On 01/04/2013 02:02 AM, Kingsley Idehen wrote:
> On 1/3/13 7:50 PM, Sarven Capadisli wrote:
>> On 01/04/2013 12:34 AM, Bernard Vatant wrote:
>>> Dog Food People
>>> http://data.semanticweb.org/person/
>>
>> [Off topic]
>>
>> Given that the people in that list originally published their papers
>> using anything but machine friendly Web practices, would anyone care
>> to enlighten me the dogfood bit in "Dog Food People"?
>>
>> I do think that data.semanticweb.org is doing a great thing i.e., they
>> are the ones dogfooding! It is unfortunately a limited "patch" to a
>> problem that the Semantic Web / Linked Data community is too careless
>> to tackle head on!
>>
>> -Sarven
>>
>>
>>
> [On topic]
>
> So why don't we all make a concerted effort in 2013 to clean up these
> kinds of issues. Basically, let's make dogfooding meaningful since its
> the ultimate demonstrator of technology utility :-)

Enter Sarven's Rant:

I acknowledge that sometimes it is indeed complicated (e.g., too many 
variables) to eat our own dogfood in every corner, when faced with all 
the business' needs, for whatever reasons they may be. I don't wish to 
debate whether the solutions that SW/LD offers are realistic enough or 
can be fulfilled or not. We use the tools we can to get the work done. 
Everyone does what they can.

However, what's frustrating to see, not to mention the ongoing 
facepalms, is the situation that the self-proclaimed SW/LD conferences 
and academia puts themselves into.

Every year, the conferences primarily requests the research work to be 
submitted in PDF/Word and then maybe the source in LaTeX for 
camera-ready versions which is then handed off to the (print) 
publishers. Similarly, that's what happens in academia too.

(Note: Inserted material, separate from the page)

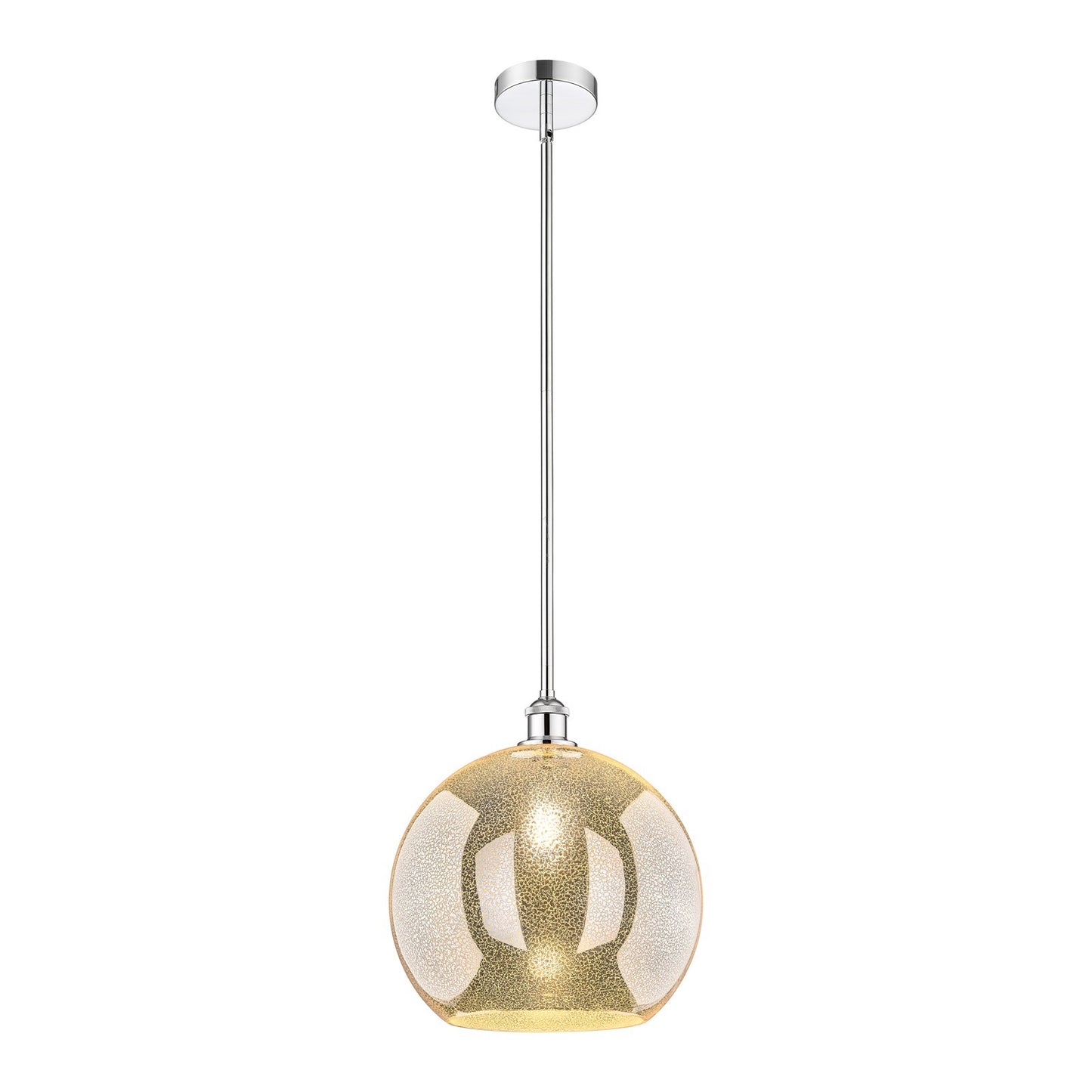 Innovations Athens 14in 1-Light Pendant | Industrial Polished Chrome Steel and Mercury Glass | Kitchen Island & Dining Room | Model 616-1S-PC-G128-14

That is precisely what data.semanticweb.org is "patching", the bits the 
SW/LD community shouldn't be intentionally breaking in the first place. 
It is not good enough to get some metadata when all is said and done. 
What's that? The leftover from the conferences and publishers? G, 
thanks, but, no thanks, we can do better. We ought to do better.

All the value in research work is locked up in desktop-friendly formats 
(yes, Google showing a preview of the PDFs is a hack too) or maybe gets 
printed for others researchers to consume from. But, wait a minute, 
wasn't the SW/LD community fighting to get machines to do something? You 
know it exactly as I do. We need to get a hold of all that awesome 
information in those papers; from hypotheses, results, claims, 
conclusions, references, to.. in a way that we can point at it.

Is the current situation seriously something we can't fix or improve on? 
Is the community at the mercy of cool conferences, organizations, 
publishers, academia or die hard followers of archaic methods?

How about a possible solution to steer towards in the right direction:

* SW/LD conferences asks research work to be submitted *first* in a 
machine-friendly format (e.g., HTML+RDFa); if you are responsible for 
its organization, please make it right and first serve the *Web* 
community. Otherwise, you are the ones that's holding things back!

* If you are an author, researcher, or whatever, put your word where 
your mouth is and *first* publish it on the Web yourself and make sure 
it is machine friendly. Give its URI to the conference or your academic 
institution. Otherwise, you are the ones that's holding things back!

* If you are an SW/LD academic supervisor, ask and encourage your 
students to publish or submit their work in such fashion. Otherwise, you 
are the ones that's holding things back!